You help coworkers get the promotion you want
On multiple occasions, you have had an active role in helping a coworker get the promotion that you wanted. Before you could proclaim that you wanted it, your coworker did. Then you felt rude saying you wanted it too, and felt that you could at least still participate in the win if you helped the winner get it.
You help a friend get the man you want
On multiple occasions you’ve also helped a friend get the guy you wanted. You were at a bar, you two started chatting with two guys, then your friend pulled you aside and said, “I want the one that you were interested in.” She didn’t really have proper claim over him. What should have happened is that nobody should have claimed anyone, and you should have seen who naturally hit it off. But then you felt you couldn’t go after the guy.
You spend all free time lifting up others
You spend much of your free time running around town and helping others with their big event. You go to one friend’s house to help her pick out an outfit for her date. You go to another’s home to help her decorate for her boyfriend’s surprise birthday party. You help one friend move. You drop another at the airport for her big adventure.
You don’t publish your success
When you achieve something, you don’t publish it. Doing so would feel uncomfortable. You even worry that letting it be known that you did one great thing would bring in the pressure to do more great things, and you’re not sure you’re capable of that. That could be a sign that you don’t believe in yourself.
In fact, you let a friend outshine you
You’ve often let friends outshine you at your event. Your friend wanted to throw you a birthday party, but she pushed to have her friend be the DJ, she was very insistent on her decorating ideas, and she generally treated it like an opportunity to show off what a great event producer she is. Much of the focus at your party was on what a great job your friend had done.
Nobody knows what’s going on with you
If you thought long and hard about it, you couldn’t think of someone who truly knows what’s going on with you. Many of your friends do not know what your career aspirations are, or where you’d like to travel, or whether or not you’re even actually happy. You let people talk about themselves so much that they know nothing about you.
Everyone assumes you’re always free
People assume you’re free at a moment’s notice to watch their dog or drive them to the airport or talk on the phone about their bad date. The way they introduce these conversations like, “Hey I was thinking I’ll just drop my dog off with you this weekend—I booked a trip to Palm Springs” makes it very obvious that the possibility you could be busy never crossed their minds.
You’re often in the helper role
For many friend’s weddings, you’ve been asked to help with much of the planning and then you weren’t even given the title of maid of honor. You’ve run around, picking up cakes and decorations for a friend’s birthday party, and then she didn’t even invite you to the smaller, intimate dinner she was having right before the big party. People view you as an assistant who wouldn’t want any sort of recognition.
You’re responsible for many matches
You look around at your friends who are happy and in love and can truly say that you made a lot of those matches happen.

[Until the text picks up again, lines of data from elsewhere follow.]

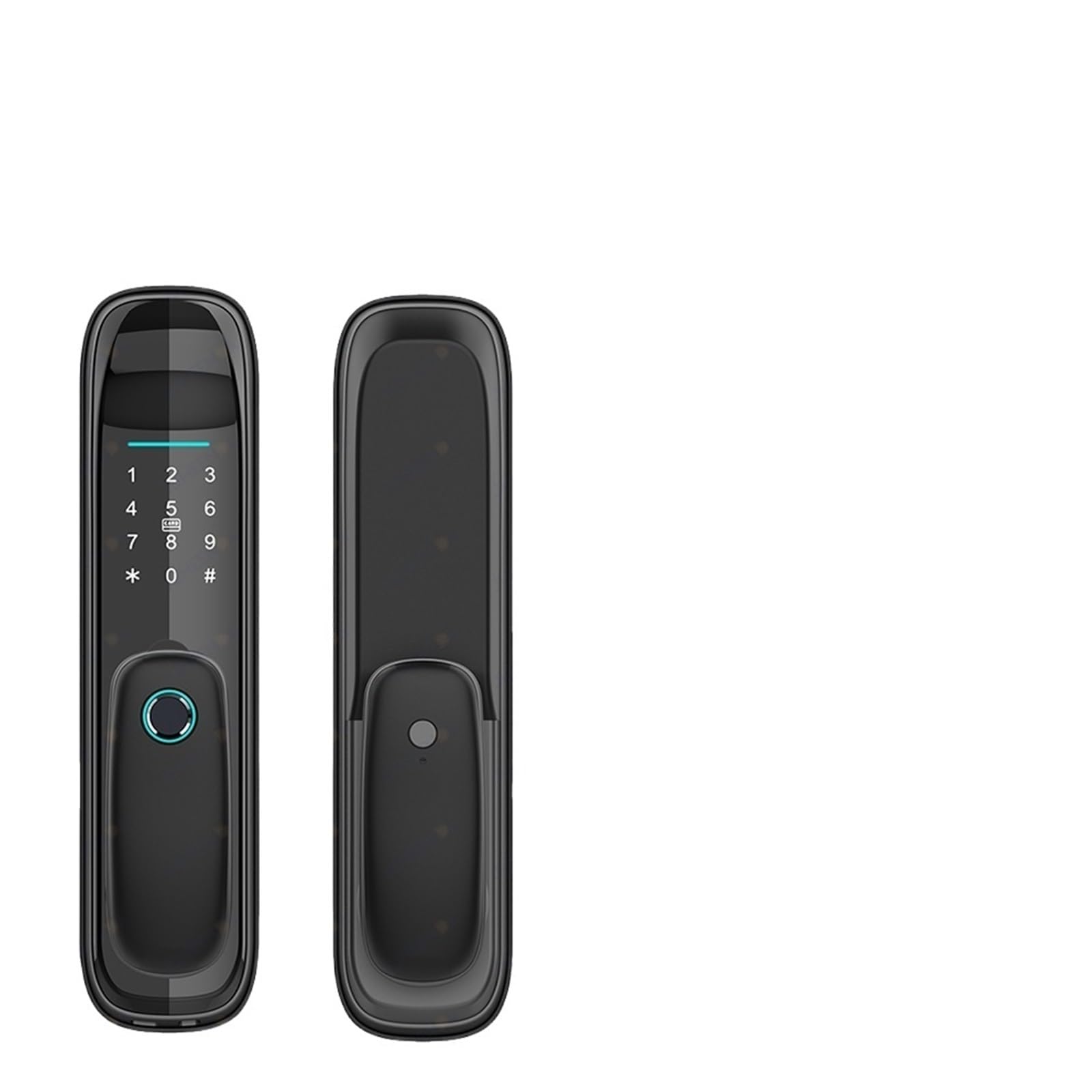 Serratura Smart, App TTlock Smart Door Lock Tuya Finrprint Smart Card Elettronica Home Office Serratura Digitale Intellinte,per camere da letto, uffici e hotel(Tuya 240x22)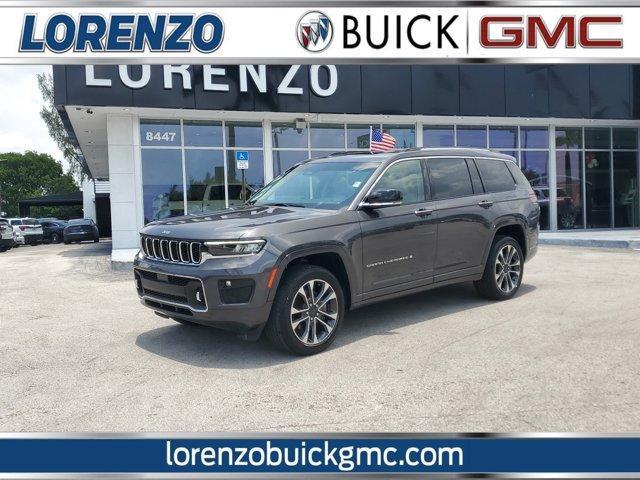 used 2022 Jeep Grand Cherokee L car, priced at $43,990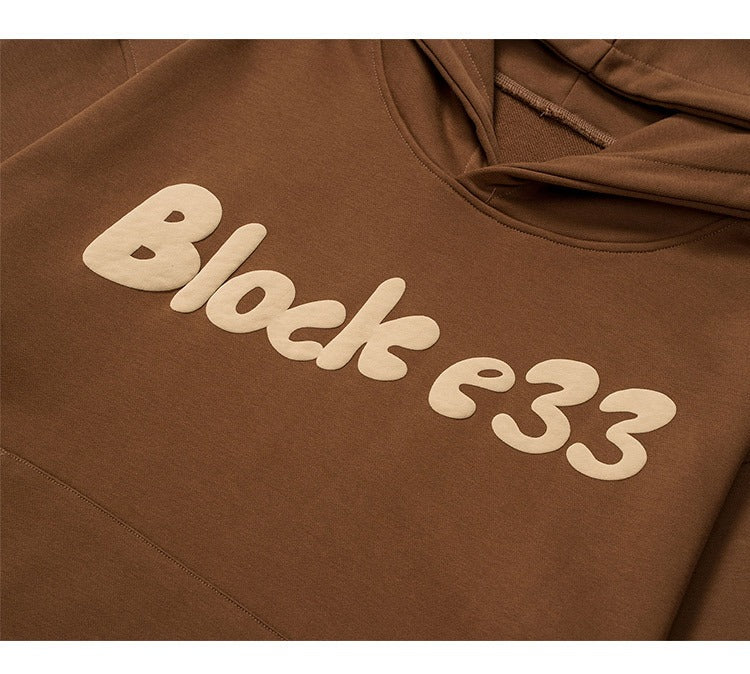 "Block-E33" Hoodie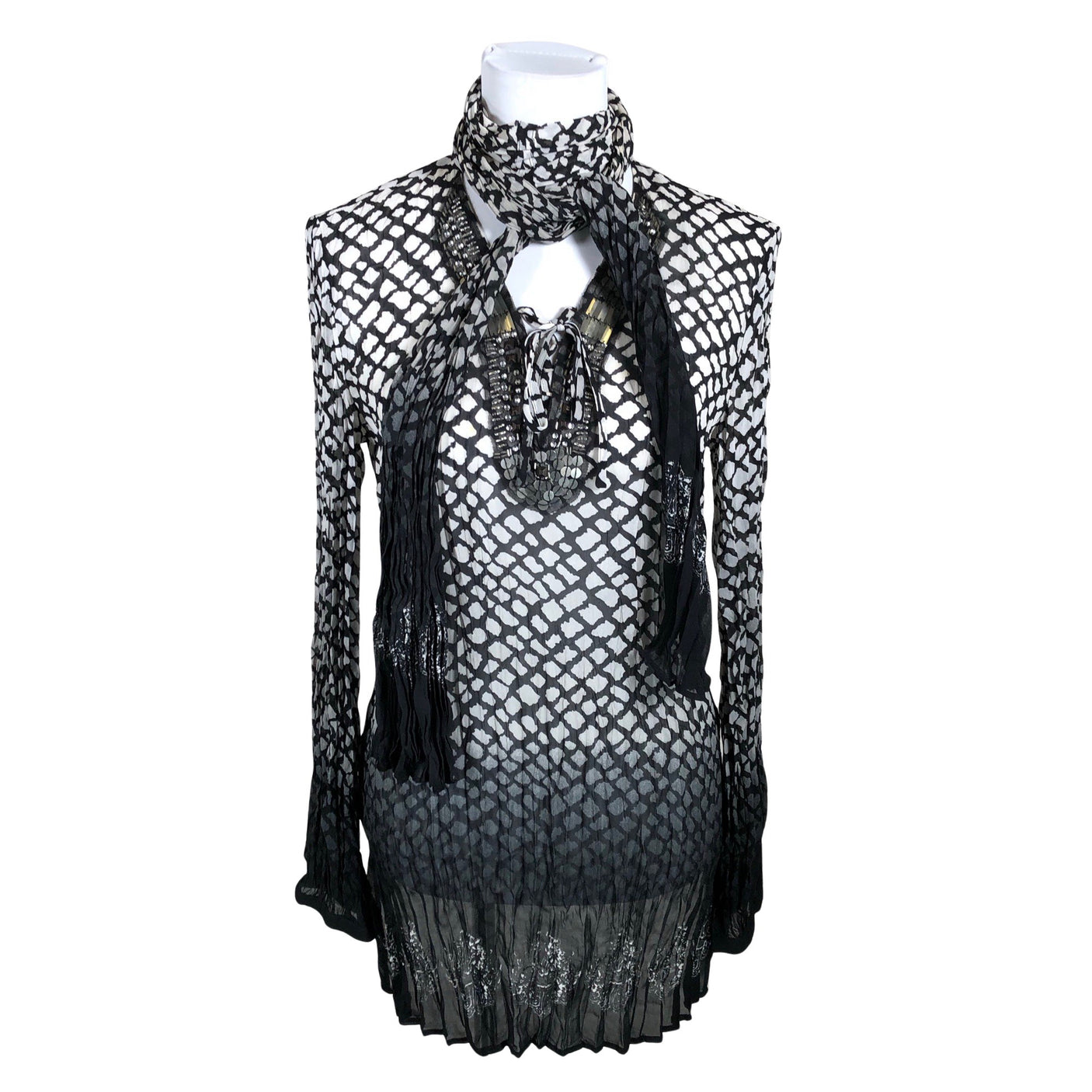 Naisten Taifun - Pusero, koko 38 - Musta (1)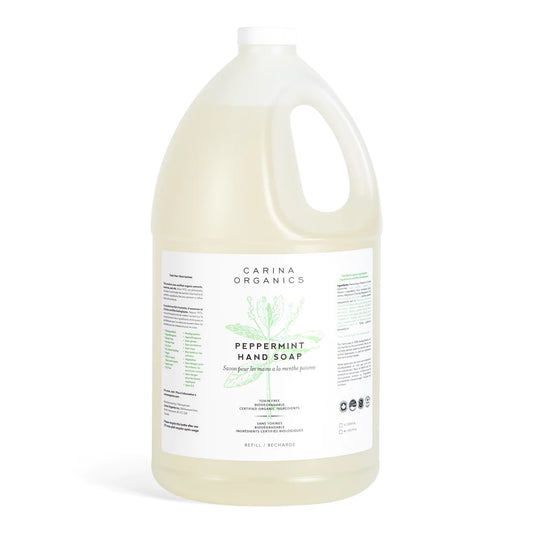 Peppermint Hand Soap- REFILL/100g Online Order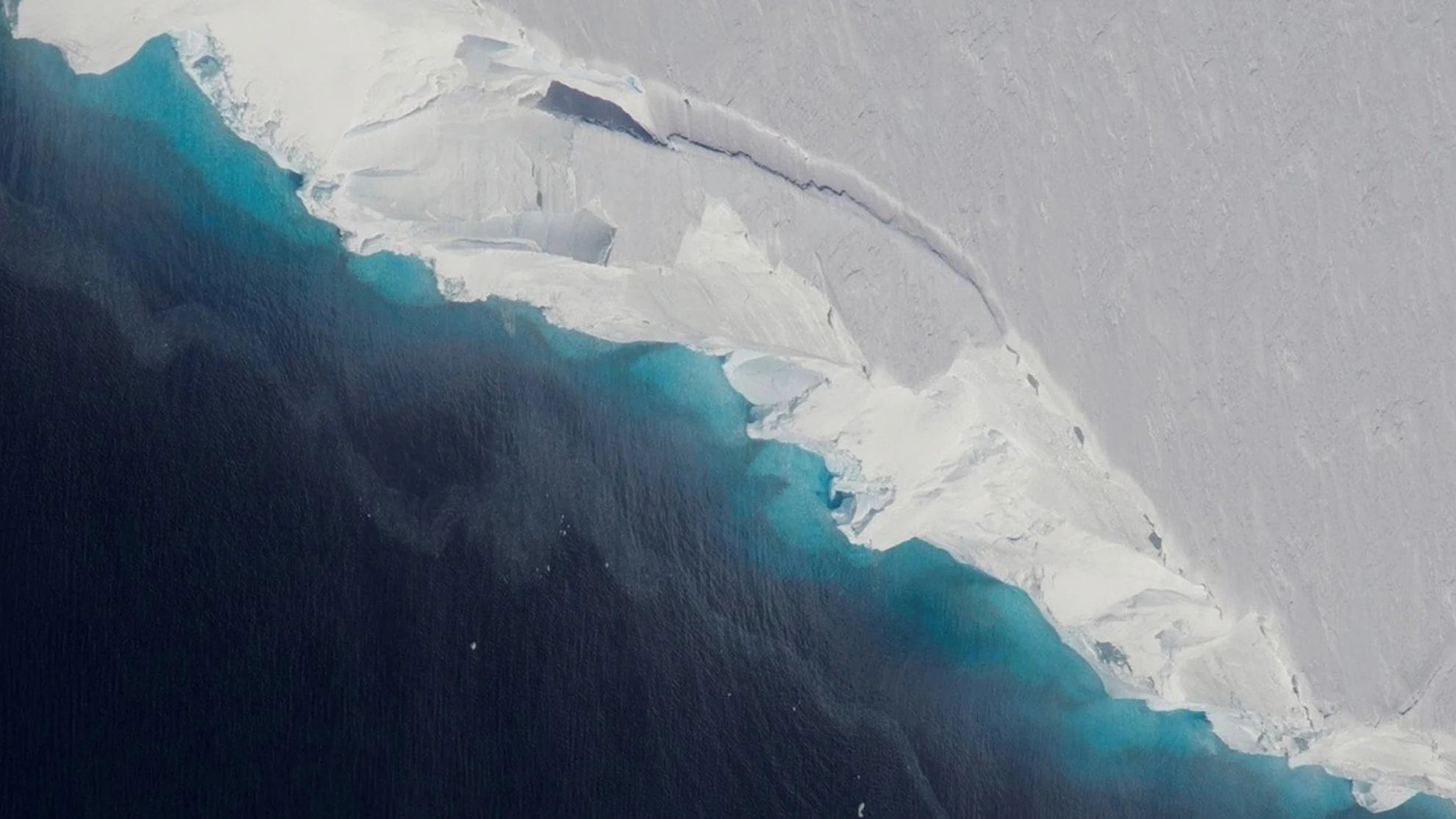 Thwaites Glacier - NASA OIB Jeremy Harbeck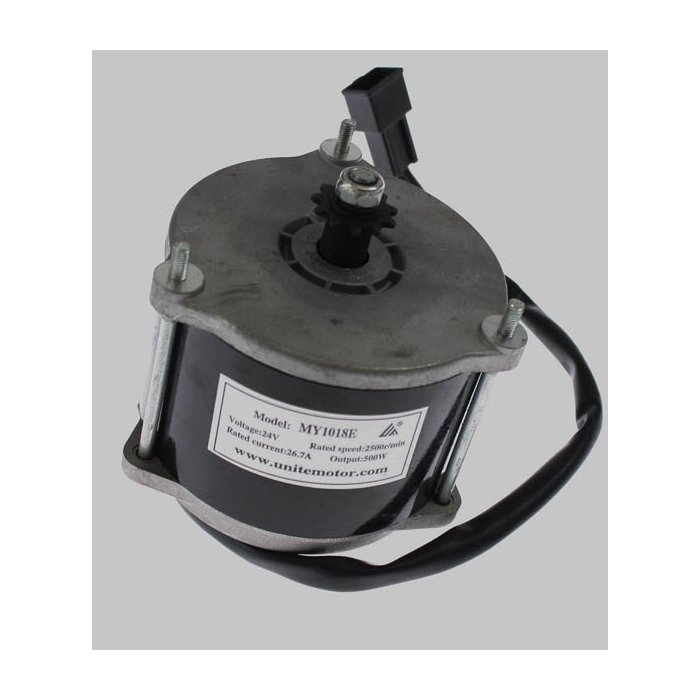 spare parts type Motor 24V500W med drev Minifordon från , Dragonfly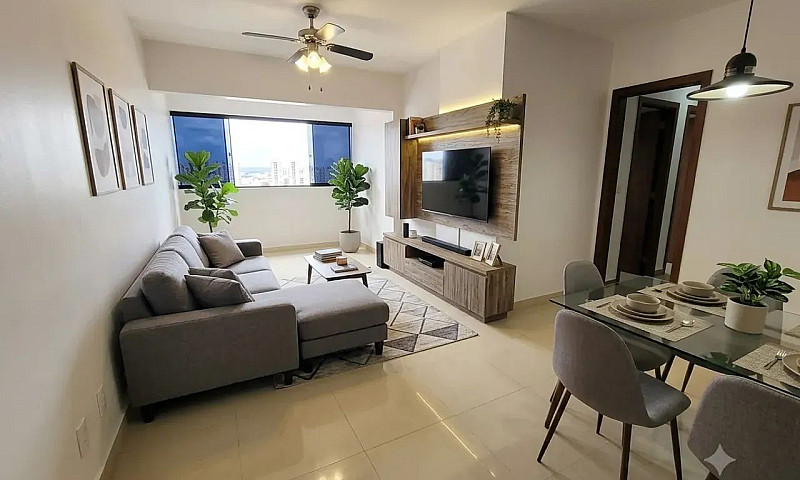 Apartamento 3 Quarto...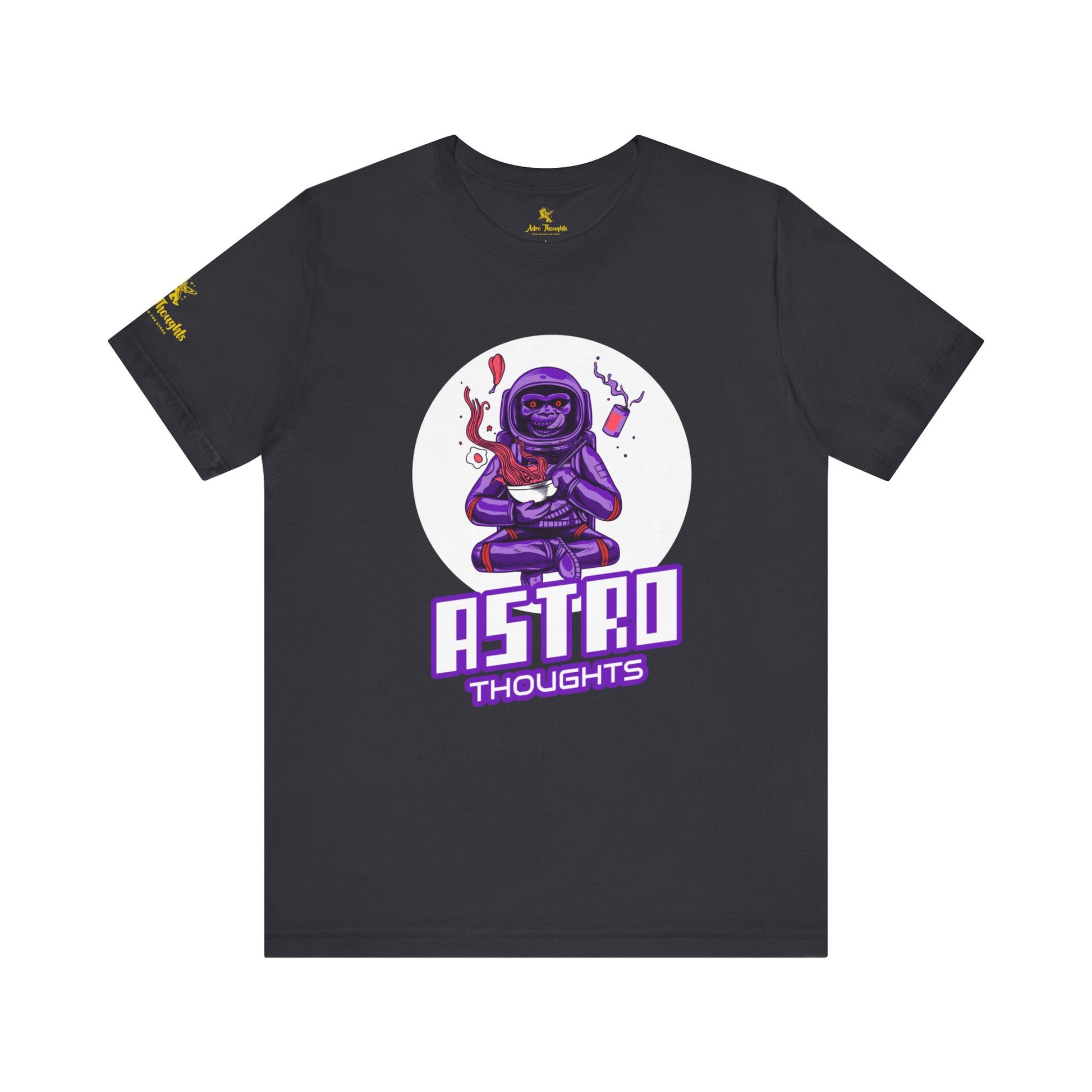 ASTRO THOUGHTS CHIMP (White/Purple logo)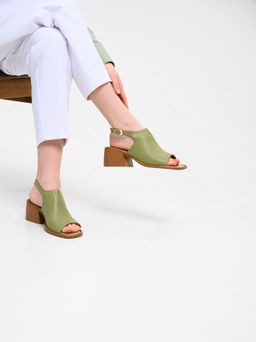 Босоножки 4013.23663bе.Олива орех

You put time and effort into putting the right people in touch. There are many content couples who exist because of you. You invested more into their relationships than you ever have into any of your own.
Nobody thinks of you for a setup
Meanwhile, nobody thinks of you for a setup. Your friends openly gush about having set up this one friend with this great guy and you’re sitting there thinking, “You didn’t think to introduce me to him? Why didn’t I cross your mind?!” This hasn’t just happened once or twice: friends regularly overlook you as someone to set up with another friend.
Your skills are a mystery
You’re actually quite good at several things that nobody knows about. You have many hidden talents. Why are they hidden? If you grew up with friends or siblings who always stole the spotlight, you may have gotten it into your head that the spotlight isn’t for you and that trying to grab it is greedy.
People are shocked when you speak up
When you do get fed up and speak up for yourself, people are surprised. They may even tell you to “be nice”—but these are the very same people who always speak up and aren’t exactly nice. They’re just so clearly comfortable expecting a certain behavior out of you, and they make you feel bad for just speaking up.